Consumers have accepted the forced digital evolution of COVID-19 and the opportunity has never been greater to reset and create relevant and differentiated brands and new consumer demand. Brands need to adapt to where consumers are going, and when it comes to e-commerce of all kinds, consumers are going to mainstream channels and retailers.
If smaller brands are going to compete and win in this evolving battle for the hearts, minds (and wallets) of consumers, they need to get on the shopping list. Smaller brands must test and learn with new media to get first mover advantages from early adopters and build a marketing and media strategy based on the new essentials for growth.
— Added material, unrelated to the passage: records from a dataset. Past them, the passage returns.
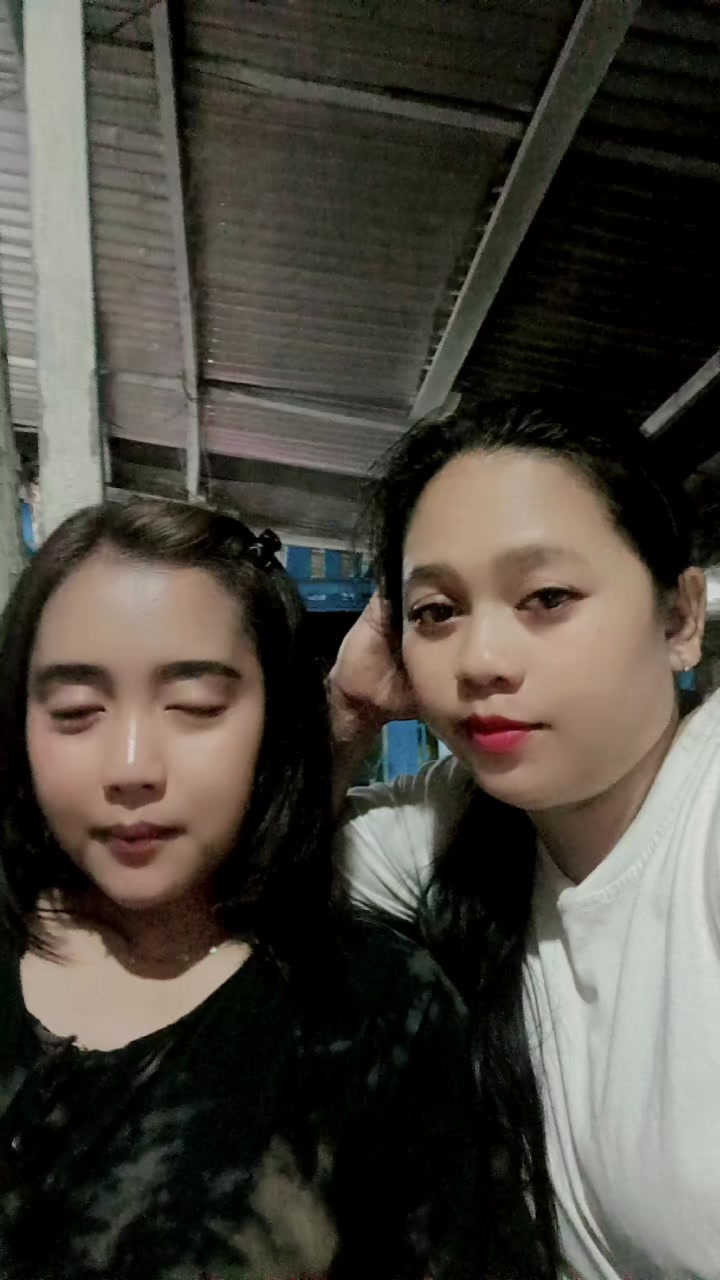 @enik sidaryati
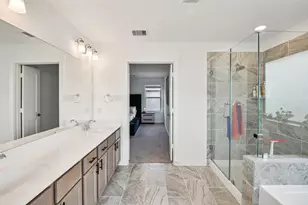4806 Sand Clouds Dr, Katy, TX 77493 - Photo 28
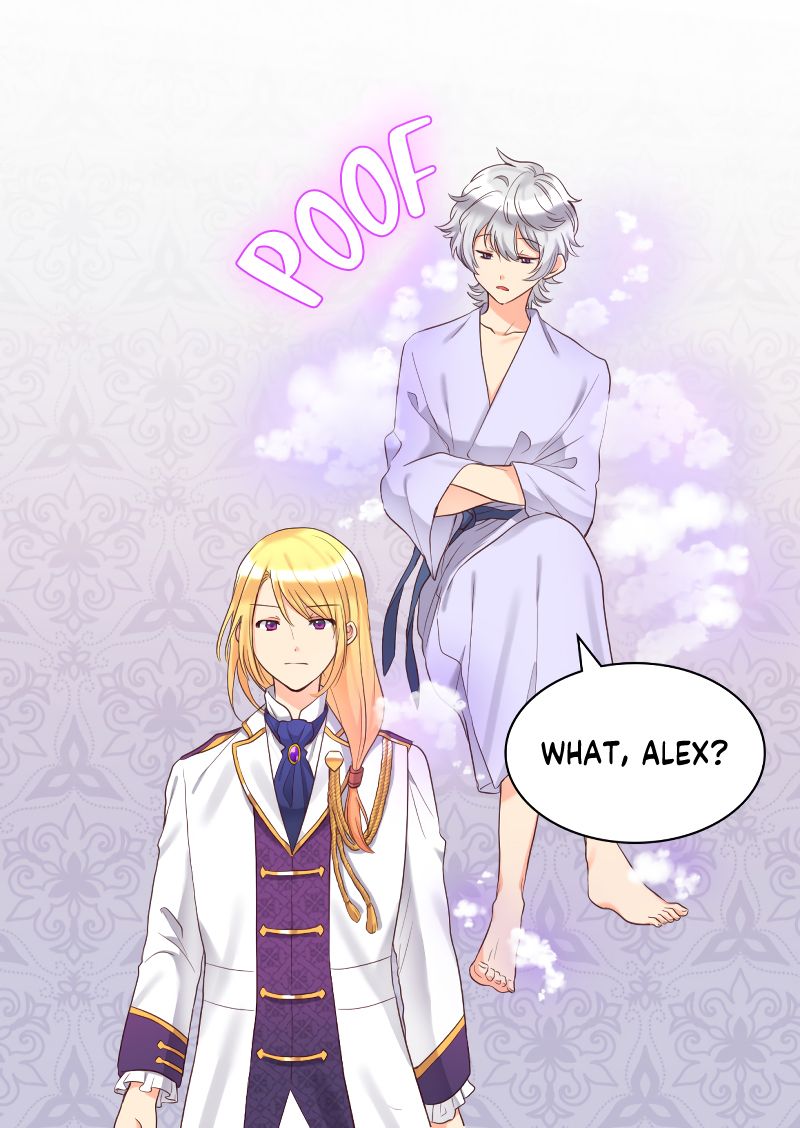 Chapter 34 - Image 24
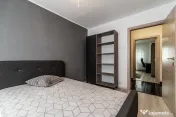 5 camere pentru familia care vrea spațiu real 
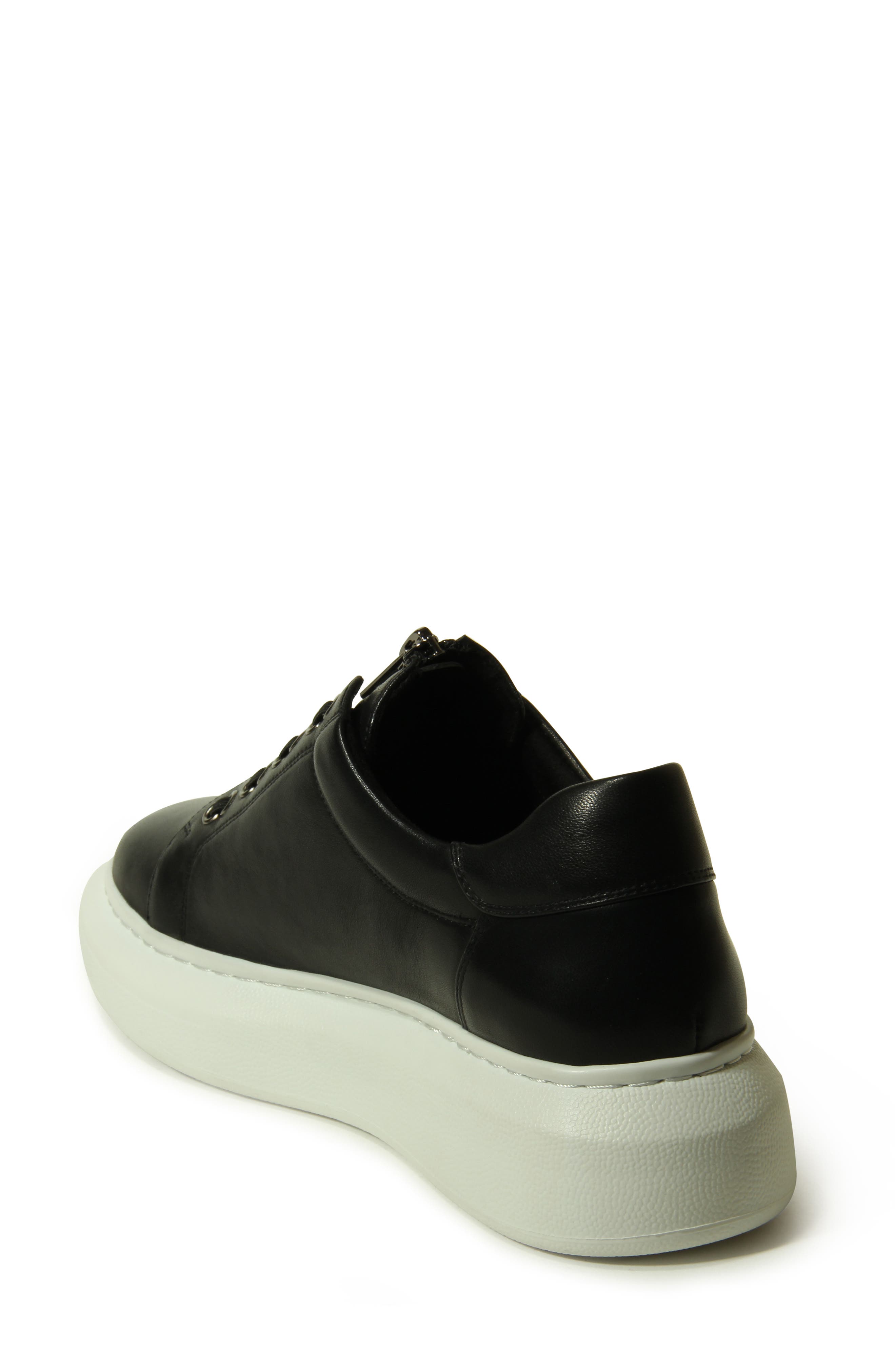 VANELi Bounty Sneaker, Alternate, color,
When creating a marketing and media strategy based on market opportunity, it is time to leverage content, social, and influencers to expand reach and media awareness.
The opportunity is now for low-cost brand equity building.
Sales continue to climb month by month in e-commerce grocery, with the latest numbers in June amounting to $7.2 billion in U.S. online grocery sales, a 9% bump over May. The results from Brick Meets Click and Mercatus reflect a survey fielded June 24-25, and while the 9% jump isn’t as high as May’s 24% leap over April or April’s 37% jump over March, it still stands as a new record for monthly sales at $7.2 billion, compared with $6.6 billion and $5.3 billion for May and April, respectively.
The June survey results also showed that consumers expect to continue to shop online going forward, with 32% of all households (active online grocery shoppers or not) being “extremely or very likely” to use e-commerce grocery within the next 90 days, up 2% from May.
The Coronavirus—and its impact on shopping—is clearly not slowing down e-commerce grocery gains, per the Mercatus study. This is the time for brands to grow with consumers and adapt to the changing landscape or get left behind.